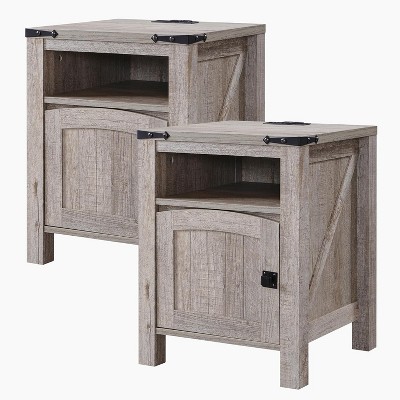 SinCiDo Farmhouse Nightstand Set of 2 w/Charging Station, 18" Rustic Wood End Tables w/Adjustable Shelves, Side Table for Bedroom, Light Rustic Oak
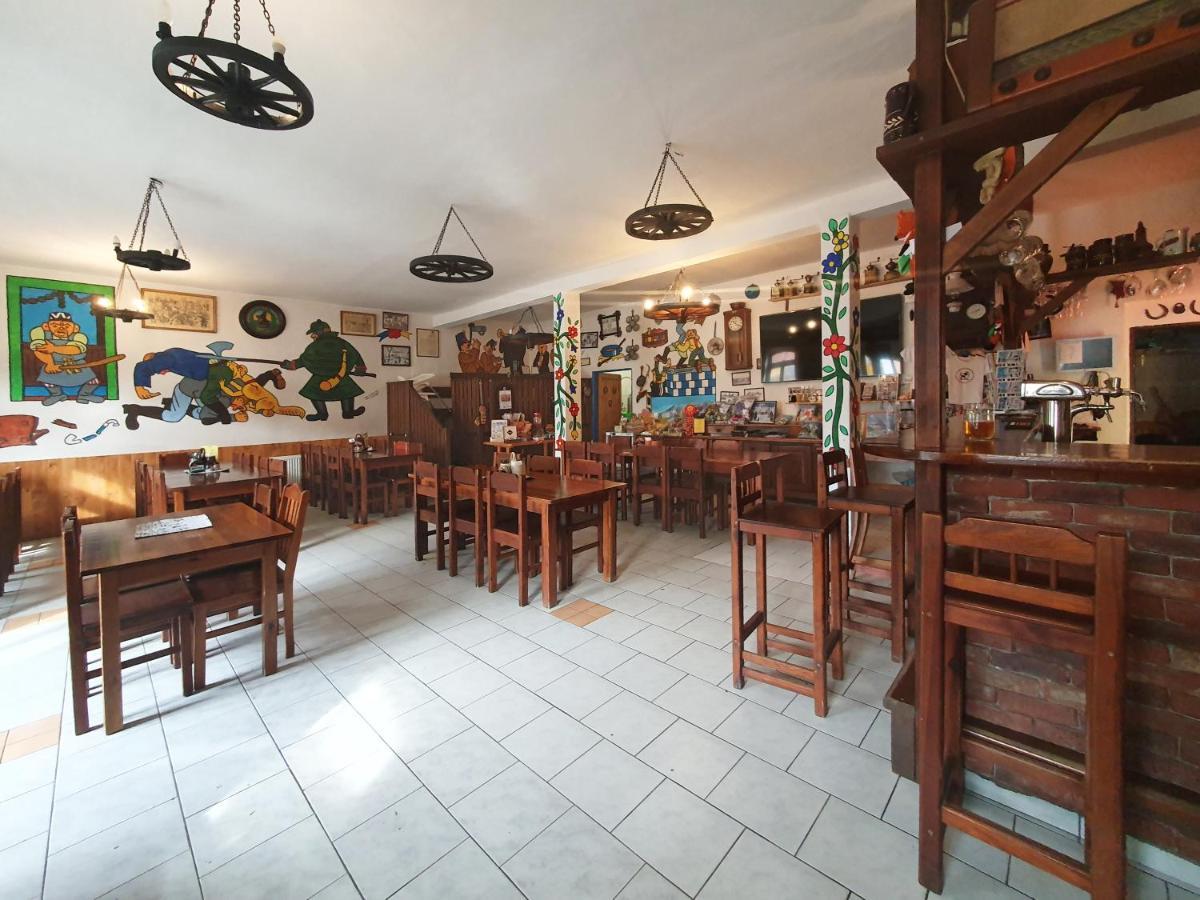 Hrusicka Restaurace A Penzion Hrusice Dış mekan fotoğraf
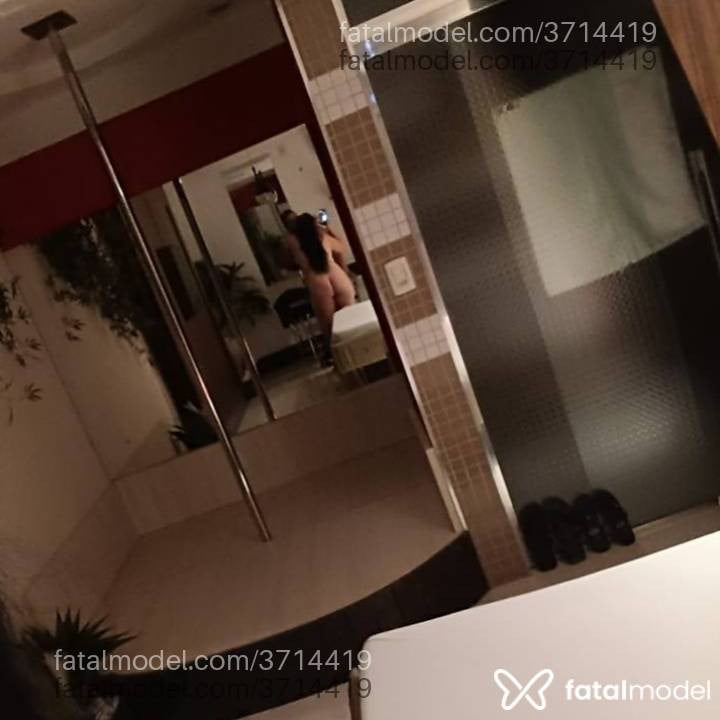 Acompanhante mulher morena (o) de olhos castanhos - Danny
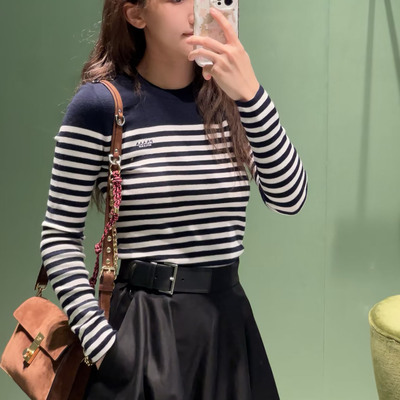 绵羊毛圆领字母提花肩宽条纹毛衣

----

* Task: Could the material above be given again exactly, pictures excluded?

* Response:
 SinCiDo Farmhouse Nightstand Set of 2 w/Charging Station, 18" Rustic Wood End Tables w/Adjustable Shelves, Side Table for Bedroom, Light Rustic Oak
 Hrusicka Restaurace A Penzion Hrusice Dış mekan fotoğraf
 Acompanhante mulher morena (o) de olhos castanhos - Danny
 绵羊毛圆领字母提花肩宽条纹毛衣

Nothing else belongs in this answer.